Unlike its use during stable conditions, central venous pressure (CVP) monitoring from a peripherally inserted central venous catheter (PICC) has not often been used in surgeries with significant hemodynamic alterations. The aim of this study was to evaluate the feasibility of measuring PICC pressure (PICCP) as an alternative to measuring centrally inserted central catheter pressure (CICCP) in adult liver transplantation (LT) patients.


We measured PICCP and CICCP simultaneously during each main surgical period in adult LT. Statistical analysis was performed using simple linear regression analysis to observe whether changes in PICCP paralleled by simultaneous changes in CICCP. Correlation analysis and Bland-Altman analysis were used to determine the degree of agreement between the two devices. Differences were considered statistically significant when P values were less than 0.05.
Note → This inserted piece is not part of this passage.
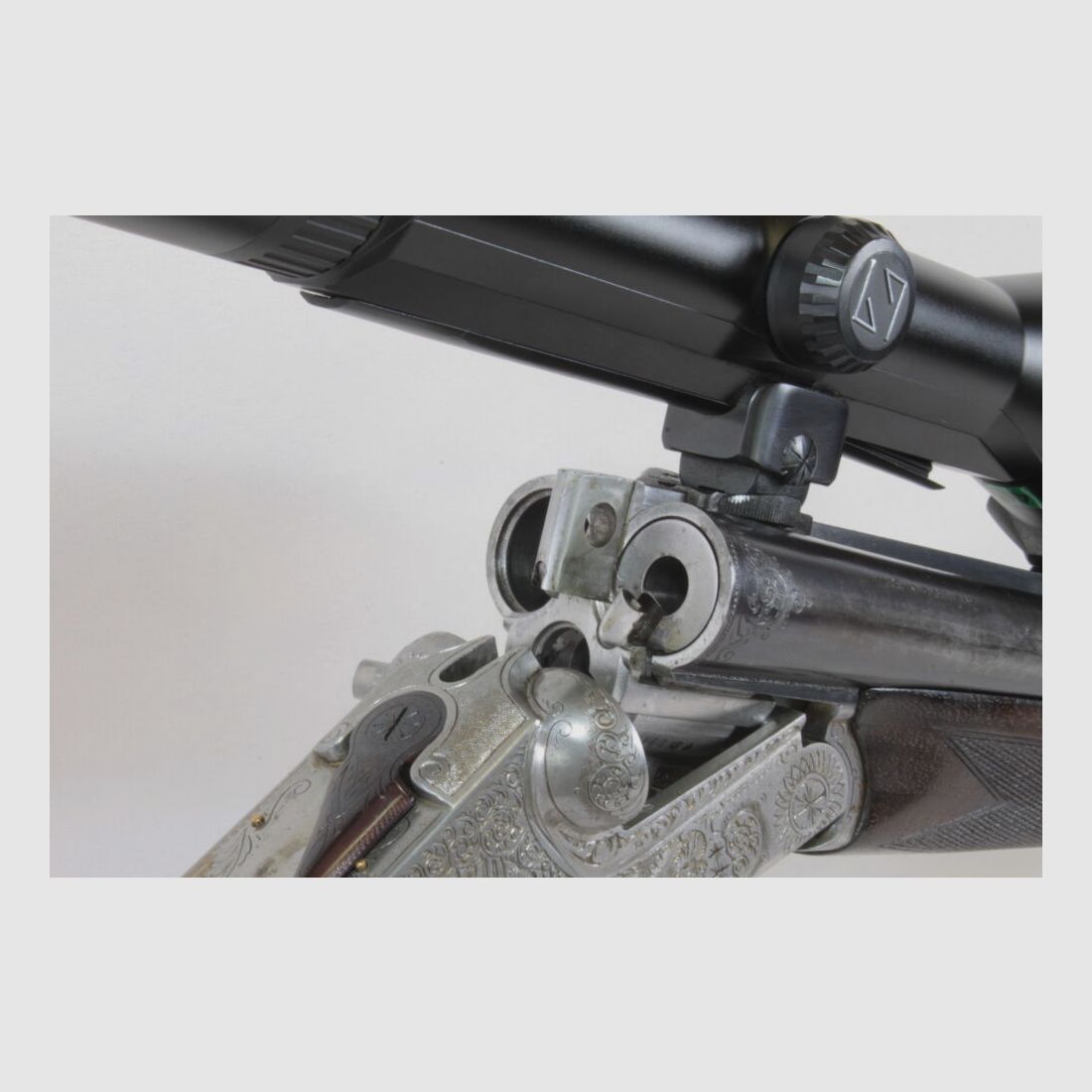 Heym Mod. 37B Deluxe - 7x65R; 12/70 mit Einstecklauf - selten!!!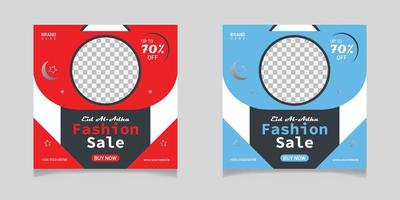 Eid Al -Adha Fashion Sale Social Media Post Template vector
A total of 1342 data pairs were collected from 35 patients. The PICCPs and CICCPs were highly correlated overall (r = 0.970, P < 0.001) as well as at each period measured. The differences among each period were not clinically significant (0.33 mmHg for pre-anhepatic, 0.32 mmHg for anhepatic, -0.15 mmHg for reperfusion, and -0.10 mmHg for neohepatic periods). The overall mean difference was 0.14 mmHg (95% confidence interval: 0.09-0.19) and PICCP tended to give a higher reading by between 0.09 and 0.19 mmHg overall. The limit of agreement was -1.74 to 2.02 overall.


These findings suggest that PICCP can be a reasonable alternative to CICCP in situations of dynamic systemic compliance and preload, as well as under stable hemodynamic conditions.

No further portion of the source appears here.